__Information supplied__.
################

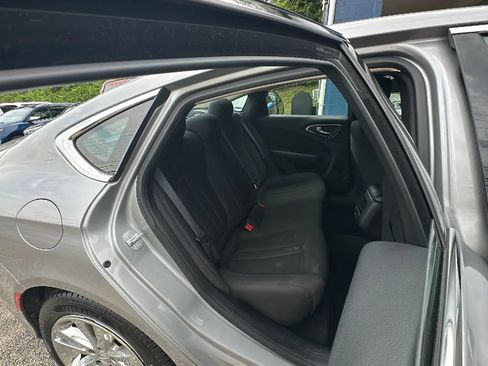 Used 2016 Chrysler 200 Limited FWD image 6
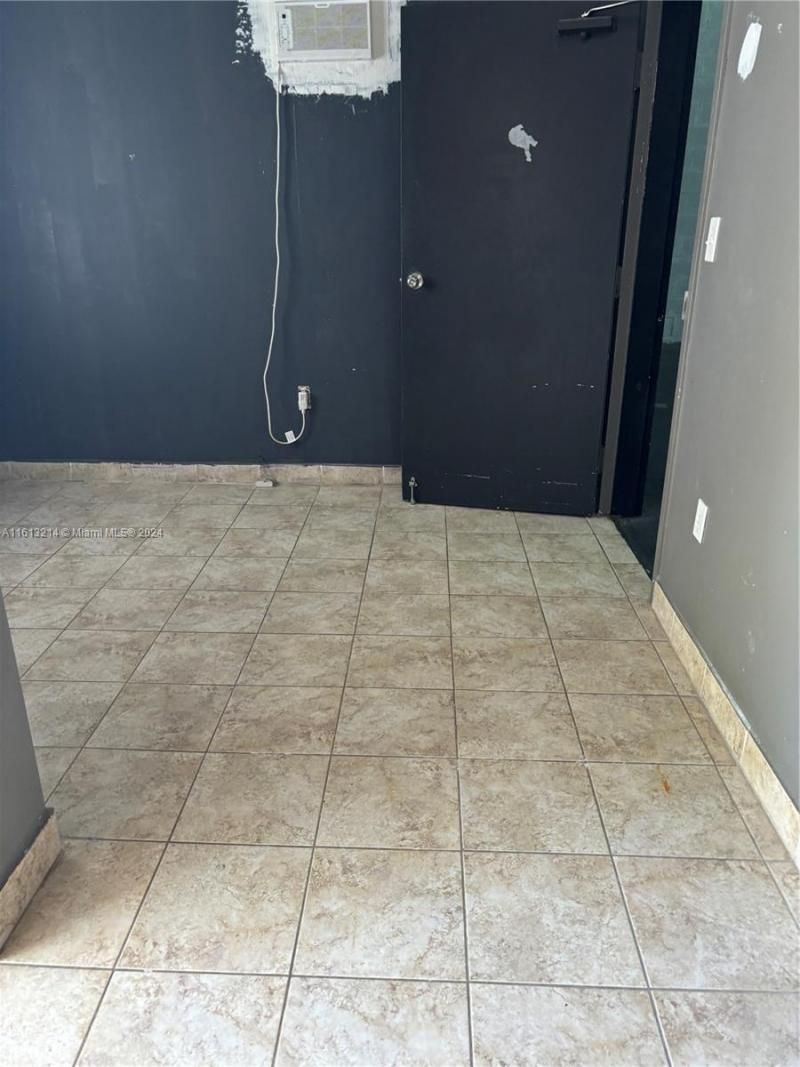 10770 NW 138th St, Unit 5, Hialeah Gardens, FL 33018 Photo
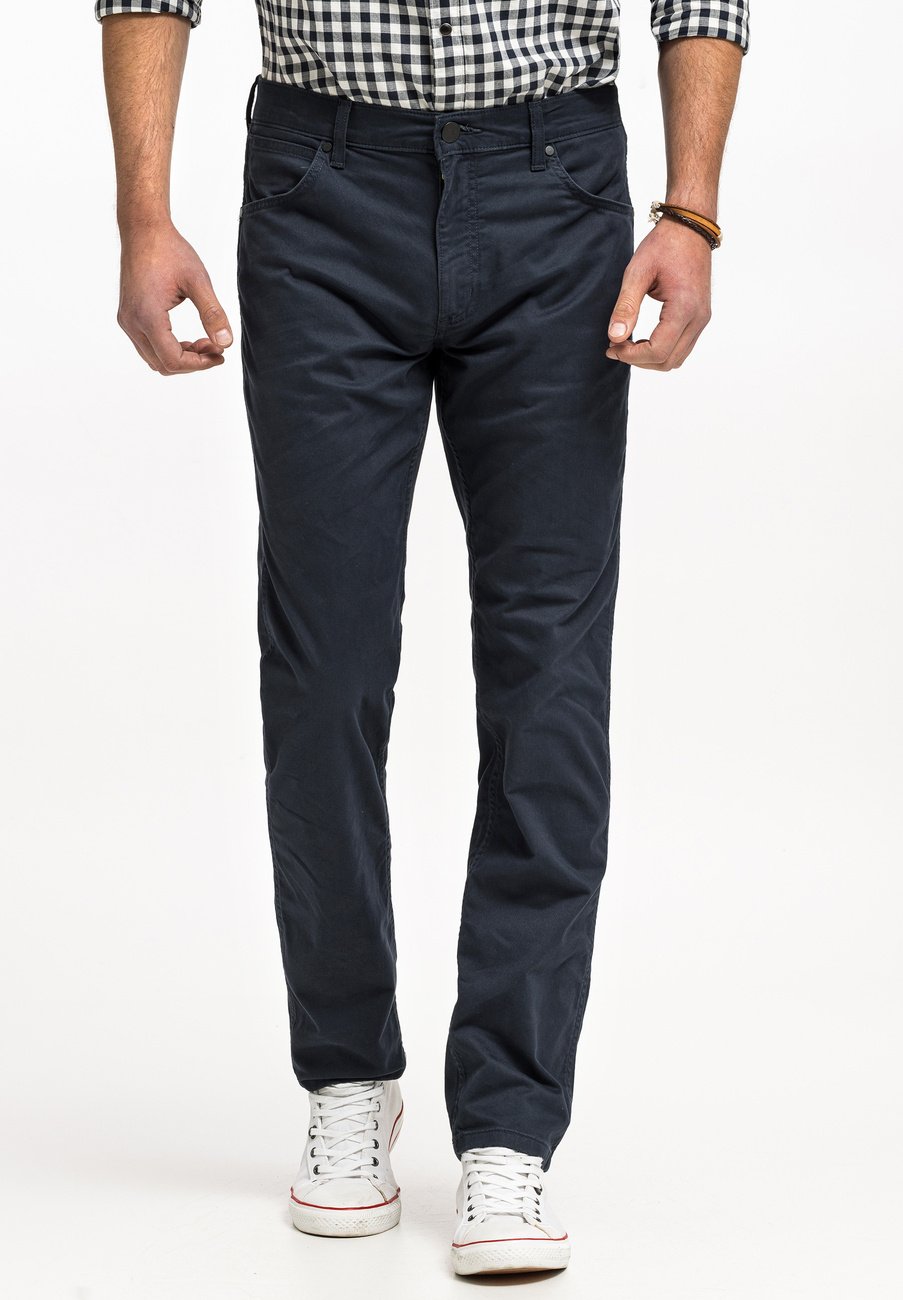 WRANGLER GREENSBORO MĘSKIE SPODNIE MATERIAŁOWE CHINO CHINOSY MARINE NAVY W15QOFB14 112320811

################

__The problem__. Starting at the line that contains "10770 NW 138th", retype every line through the end of the material exactly as written, including both end lines but no pictures.

__Solved problem__.
 10770 NW 138th St, Unit 5, Hialeah Gardens, FL 33018 Photo
 WRANGLER GREENSBORO MĘSKIE SPODNIE MATERIAŁOWE CHINO CHINOSY MARINE NAVY W15QOFB14 112320811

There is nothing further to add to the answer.